Run time: 141 mins
In Theaters: Wednesday 25th December 2013
Box Office USA: $1.4M
Box Office Worldwide: $27.3M
Distributed by: The Weinstein Co.
Production compaines: Videovision Entertainment, Distant Horizons, Pathe, Film Afrika Worldwide, Origin Pictures
Contactmusic.com: 3.5 / 5
Rotten Tomatoes: 59%
Fresh: 72 Rotten: 51
IMDB: 7.1 / 10
Director: Justin Chadwick
Producer: Anant Singh, David M. Thompson
Screenwriter: William Nicholson
Starring: Idris Elba as Nelson Mandela, Naomie Harris as Winnie Madikizela, Tony Kgoroge as Walter Sisulu, Riaad Moosa as Ahmed Kathrada, Fana Mokoena as Govan Mbeki, Robert Hobbs as Chief Warder, Jamie Bartlett as James Gregory, Lindiwe Matshikiza as Zindzi Mandela, Terry Pheto as Evelyn Mase, Deon Lotz as Kobie Coetzee, Thapelo Mokoena as Elias Motsoaledi, Zolani Mkiva as Raymond Mhlaba, Simo Mogwaza as Andrew Miageni, David Butler as Colonel Badenhorst, Gys de Villiers as President de Klerk
Based on his autobiography, this film is clearly designed to be the definitive film about Nelson Mandela. And it tells his remarkable story with skill, tracing his life from 25 to 75 while touching on why he's perhaps the most important figure of the past century. So it's no wonder that the film feels far too constructed and polished.

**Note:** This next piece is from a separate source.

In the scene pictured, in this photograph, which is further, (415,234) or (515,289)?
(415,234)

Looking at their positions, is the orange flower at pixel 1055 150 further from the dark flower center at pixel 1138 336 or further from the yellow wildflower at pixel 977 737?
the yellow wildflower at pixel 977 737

It starts in his Xhosa village birthplace, then follows Nelson (Elba) to Johannesburg in the 1940s as a sparky young lawyer with a loving wife (Pheto) and children. But the vicious injustice of Apartheid gets under his skin, and as he starts speaking out and taking action, his marriage falls apart. South Africa's government responds to protests by cracking down even further, so Nelson's African National Congress turns to violence. As a result, its leaders are sentenced to hard labour on Robben Island. Now married to the outspoken Winnie (Harris) with two more daughters, Nelson is sent away for life. But he refuses to let bitterness gain a foothold, and devises a way for the nation to peacefully transition into democracy.
Mandela's legacy lies in his wisdom and open-mindedness, avoiding a bloodbath by seeking reconciliation rather than revenge. And these themes play an important role in Nicholson's script, which of course has to condense the events drastically, even for a two-and-a-half hour movie. But all of the key moments are here, and even if the film sometimes feels like it's racing through them, there's plenty of subtext for the actors to grab hold of.
Elba has enormous presence as Mandela, with the right physicality and charisma, although the make-up sometimes seems a bit heavy as he ages over 50 years. Harris is also a stand-out as the fiery Winnie, leading a superb supporting cast of Mandela's friends, family and colleagues. And Chadwick orchestrates all of this adeptly, maintaining authenticity in the period and a sense of scale in the settings. This gives the film an epic tone that carries quite a punch for viewers who don't mind watching a slightly worthy summary of a great man's life. Better yet: read the book.